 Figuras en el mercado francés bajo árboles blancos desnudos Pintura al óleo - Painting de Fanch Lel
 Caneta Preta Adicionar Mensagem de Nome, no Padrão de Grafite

# # # # # # #

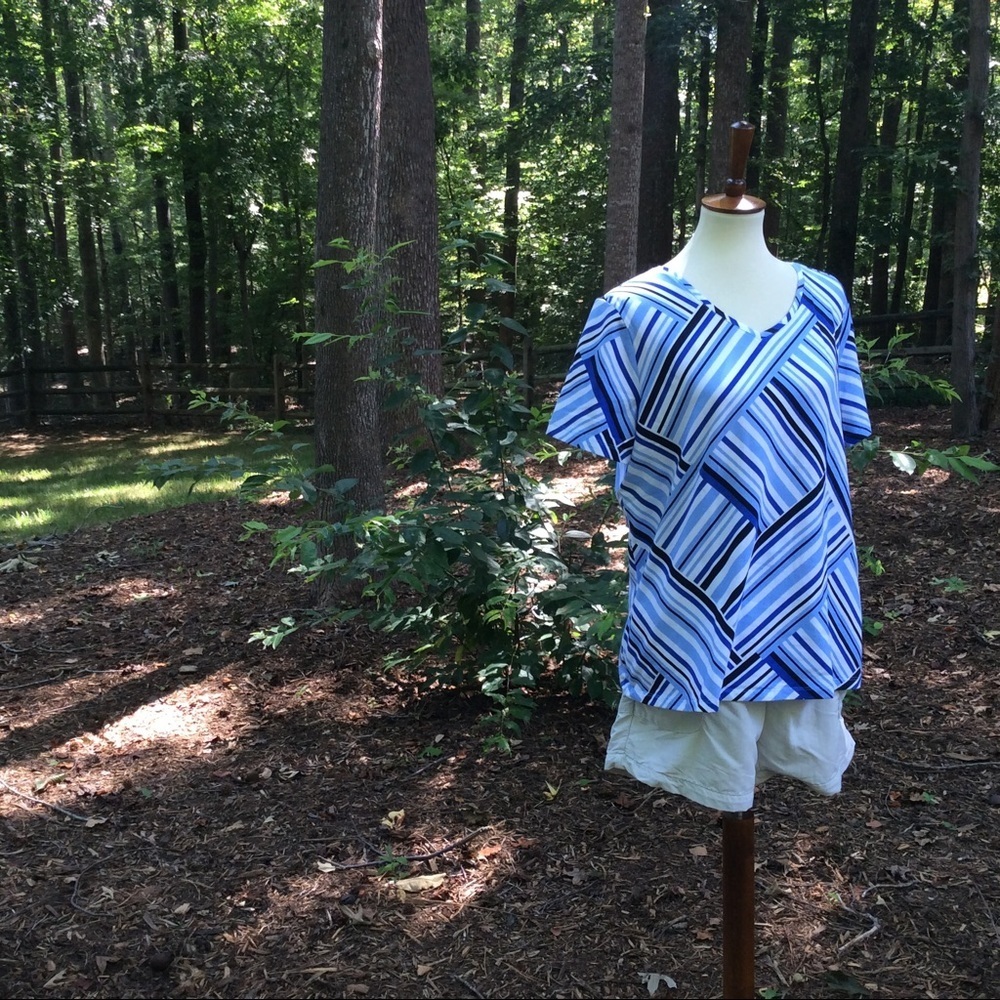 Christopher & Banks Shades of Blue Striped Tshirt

# # # # # # #

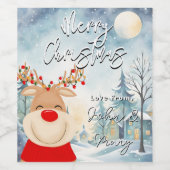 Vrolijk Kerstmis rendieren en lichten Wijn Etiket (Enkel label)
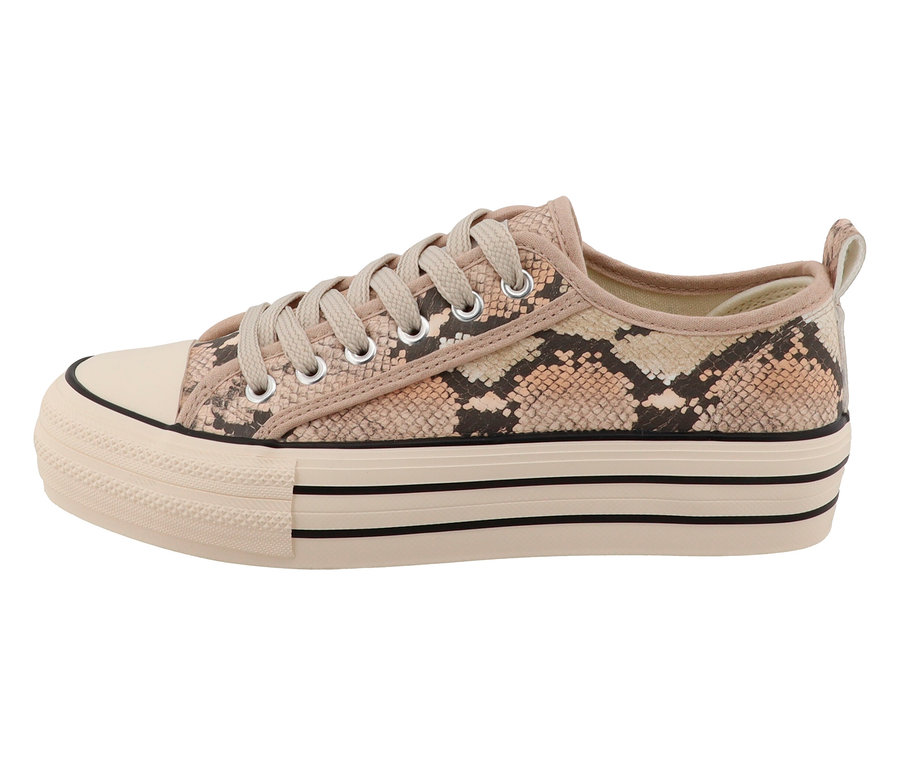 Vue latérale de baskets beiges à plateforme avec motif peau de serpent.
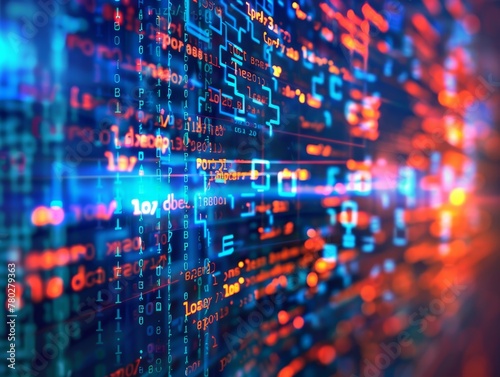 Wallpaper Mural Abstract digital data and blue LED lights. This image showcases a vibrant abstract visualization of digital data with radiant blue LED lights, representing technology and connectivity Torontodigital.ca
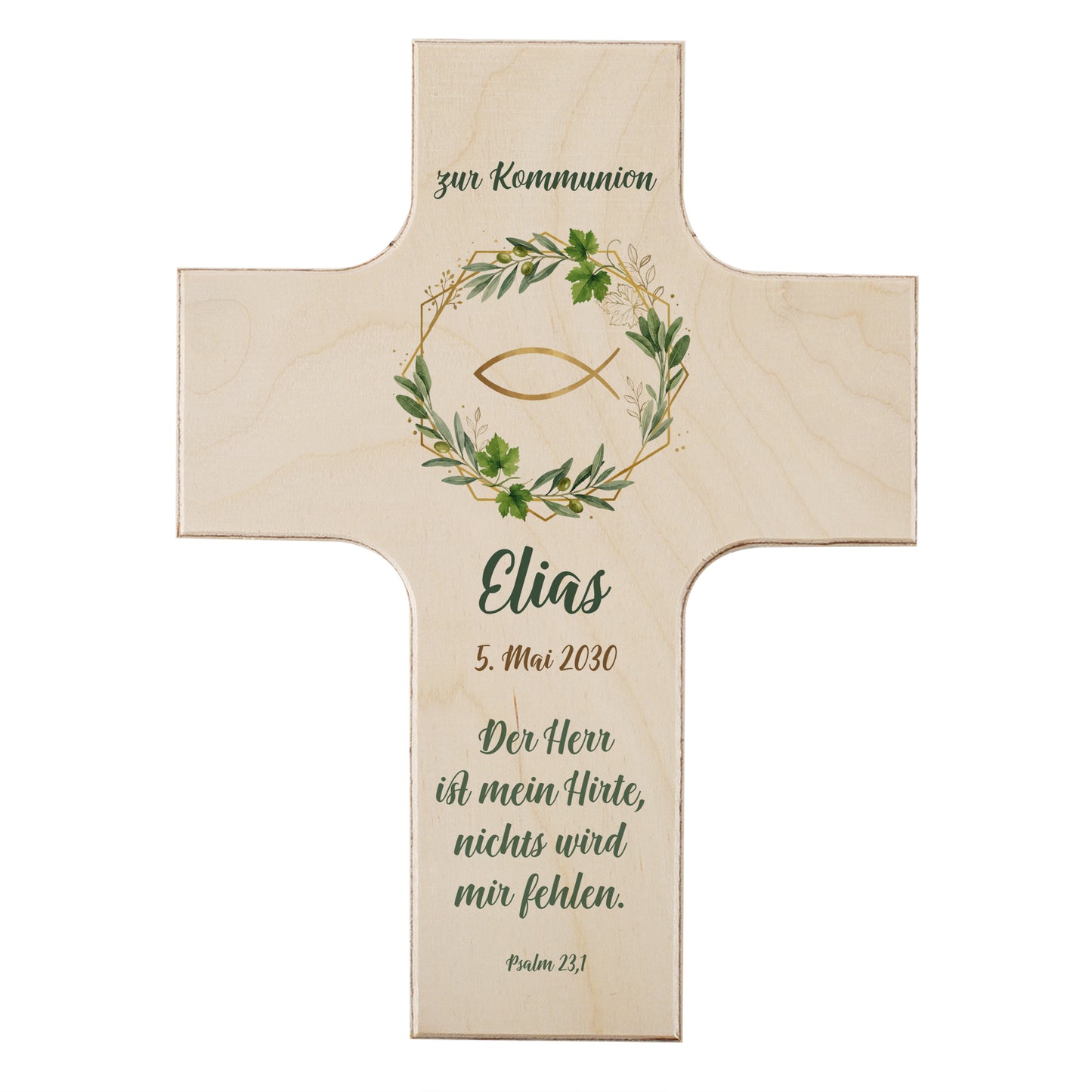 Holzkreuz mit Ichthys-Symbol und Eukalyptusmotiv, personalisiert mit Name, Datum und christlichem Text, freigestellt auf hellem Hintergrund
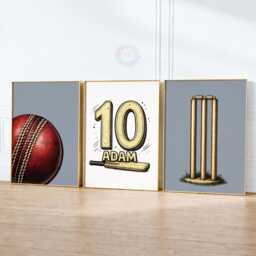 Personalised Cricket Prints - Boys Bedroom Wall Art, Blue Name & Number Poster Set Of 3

# # # # # # #

- _TASK REQUIREMENTS_: What you write must match the listing exactly, from the line with "Vrolijk Kerstmis rendieren" up to and including the line with "Personalised Cricket Prints". Pictures stay out.

- _WRITTEN ANSWER_:
 Vrolijk Kerstmis rendieren en lichten Wijn Etiket (Enkel label)
 Vue latérale de baskets beiges à plateforme avec motif peau de serpent.
 Wallpaper Mural Abstract digital data and blue LED lights. This image showcases a vibrant abstract visualization of digital data with radiant blue LED lights, representing technology and connectivity Torontodigital.ca
 Holzkreuz mit Ichthys-Symbol und Eukalyptusmotiv, personalisiert mit Name, Datum und christlichem Text, freigestellt auf hellem Hintergrund
 Personalised Cricket Prints - Boys Bedroom Wall Art, Blue Name & Number Poster Set Of 3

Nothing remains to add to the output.